Estimation of the shape parameters of the two-parameter beta distribution.

## Usage

betaR(lshape1 = "loge", lshape2 = "loge",
i1 = NULL, i2 = NULL, trim = 0.05,
A = 0, B = 1, parallel = FALSE, zero = NULL)

## Arguments

lshape1, lshape2, i1, i2

Details at CommonVGAMffArguments. See Links for more choices.

trim

An argument which is fed into mean(); it is the fraction (0 to 0.5) of observations to be trimmed from each end of the response y before the mean is computed. This is used when computing initial values, and guards against outliers.

A, B

Lower and upper limits of the distribution. The defaults correspond to the standard beta distribution where the response lies between 0 and 1.

parallel, zero

See CommonVGAMffArguments for more information.

## Value

An object of class "vglmff" (see vglmff-class). The object is used by modelling functions such as vglm, rrvglm and vgam.

## Details

The two-parameter beta distribution is given by $$f(y) =$$ $$(y-A)^{shape1-1} \times (B-y)^{shape2-1} / [Beta(shape1,shape2) \times (B-A)^{shape1+shape2-1}]$$ for $$A < y < B$$, and $$Beta(.,.)$$ is the beta function (see beta). The shape parameters are positive, and here, the limits $$A$$ and $$B$$ are known. The mean of $$Y$$ is $$E(Y) = A + (B-A) \times shape1 / (shape1 + shape2)$$, and these are the fitted values of the object.
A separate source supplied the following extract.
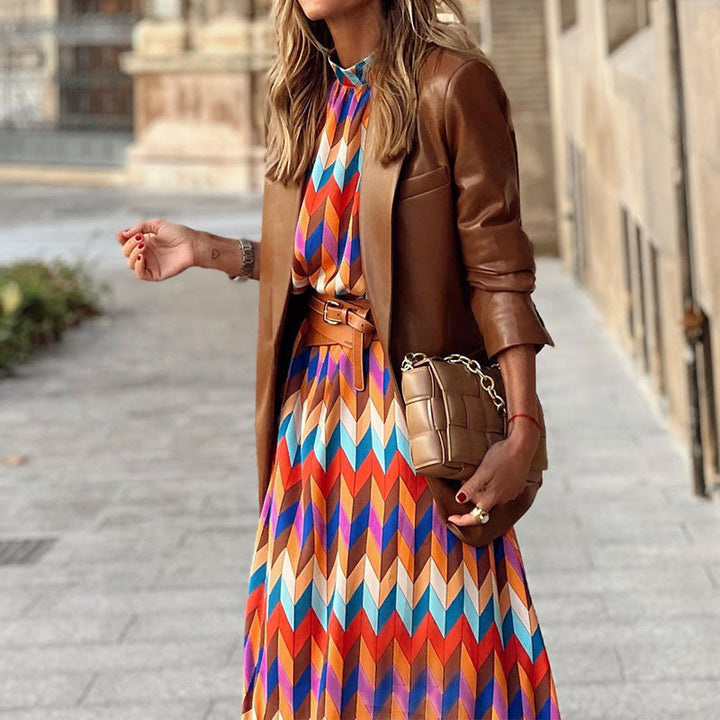 Cassandra | Lebhaftes Geometrisches Maxikleid für Damen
For the standard beta distribution the variance of $$Y$$ is $$shape1 \times shape2 / [(1+shape1+shape2) \times (shape1+shape2)^2]$$. If $$\sigma^2= 1 / (1+shape1+shape2)$$ then the variance of $$Y$$ can be written $$\sigma^2 \mu (1-\mu)$$ where $$\mu=shape1 / (shape1 + shape2)$$ is the mean of $$Y$$.
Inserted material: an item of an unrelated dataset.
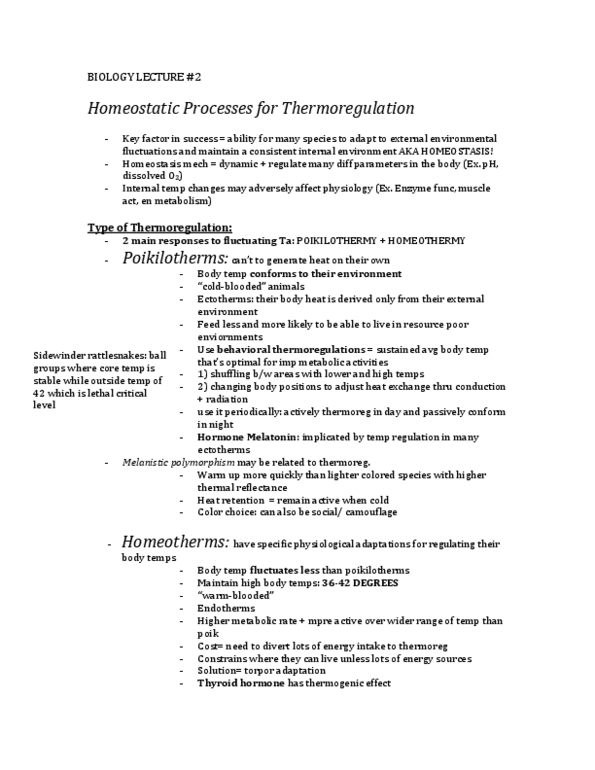 BIO120H1 Lecture Notes - Lecture 2: Melanism, Mpra Language, Thermoregulation thumbnail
Another parameterization of the beta distribution involving the mean and a precision parameter is implemented in betaff.

## References

Johnson, N. L. and Kotz, S. and Balakrishnan, N. (1995) Chapter 25 of: Continuous Univariate Distributions, 2nd edition, Volume 2, New York: Wiley.

Gupta, A. K. and Nadarajah, S. (2004) Handbook of Beta Distribution and Its Applications, New York: Marcel Dekker.

betaff, Beta, genbetaII, betaII, betabinomialff, betageometric, betaprime, rbetageom, rbetanorm, kumar, simulate.vlm.

## Examples

Run this code
# NOT RUN {
bdata <- data.frame(y = rbeta(n = 1000, shape1 = exp(0), shape2 = exp(1)))